On September 7, El Salvador became the first country in the world to recognize Bitcoin as an official national currency, alongside the U.S. dollar. People in the Central American country will be able to use the cryptocurrency as legal tender in a wide range of exchanges. Residents can pay their taxes with Bitcoin, and stores and businesses can accept Bitcoin as payment and list prices for goods and services in the cryptocurrency.
What's more, to nudge people into embracing Bitcoin, El Salvador is offering residents $30 worth of the cryptocurrency for downloading a digital wallet app called Chivo — which is slang for "cool."

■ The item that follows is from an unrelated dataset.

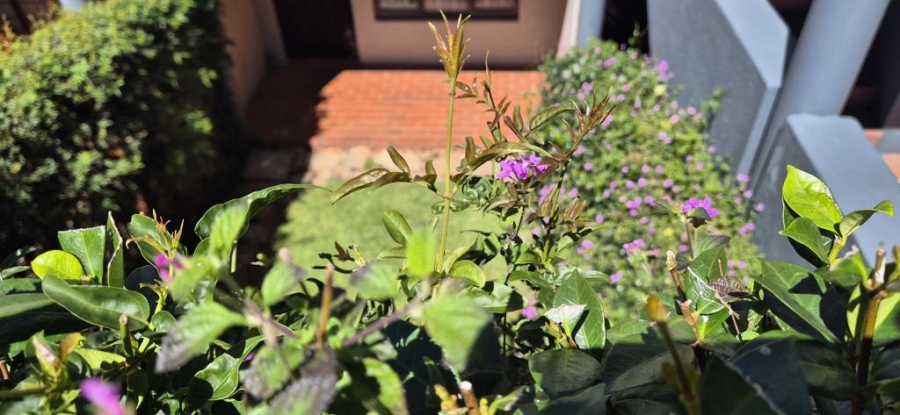 1 Bedroom Property for Sale in Morning Hill Gauteng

Created in 2009, Bitcoin is the world's best-known digital currency, or cryptocurrency. Bitcoins can be bought and sold on exchanges and held in virtual wallets. The value of Bitcoin and other cryptocurrencies can vary to a much greater degree than traditional currencies — one unit of Bitcoin is worth around $51,000 now, versus $10,000 a year ago — so they make for highly volatile and not particularly safe investments. Select businesses like Tesla, Microsoft and Overstock allow customers to use Bitcoin as payment. But spending Bitcoin is often complicated because, among other reasons, it's hard to pinpoint an exact price due to the speculative, volatile nature of digital currencies.
So the act of one country officially recognizing Bitcoin as legal tender could be a very momentous occasion. In June, El Salvador President Nayib Bukele sent what's known as the "Bitcoin Law" to the nation's Legislative Assembly, which voted to approve the measure and enact it in September.
The law holds that "the exchange rate between Bitcoin and the US dollar will be freely set by the market," that "all prices may be expressed in bitcoin," and that "tax contributions may be paid in bitcoin."
It also states that "exchanges in bitcoin will not be subject to capital gains tax like any legal tender." In other words, when someone sells bitcoin or uses it to pay for goods or services in El Salvador, the individual will not have to pay taxes on the gains made between the time the crypto was acquired and used — assuming the value increased over that span. In the U.S. and other countries, people must pay capital gains taxes on such transactions. Finance experts expect more foreign money to flow into El Salvador as crypto investors seek ways to avoid having to pay capital gains taxes.
No one really knows how the adoption of Bitcoin in El Salvador will play out for the country, or for cryptocurrencies in general. But right away, it wasn't smooth sailing.
Reuters reported on Tuesday morning that the country's government had temporarily unplugged the Chivo digital wallet because the servers could not keep up with the demand, and that anyone trying to download the app and get their $30 worth of free bitcoin would have to wait until there was a fix.
UPDATE: On the same day that Bitcoin became accepted as legal tender in El Salvador, prices for the cryptocurrency dropped sharply. By the afternoon of September 7, Bitcoin was down roughly 10% for the day.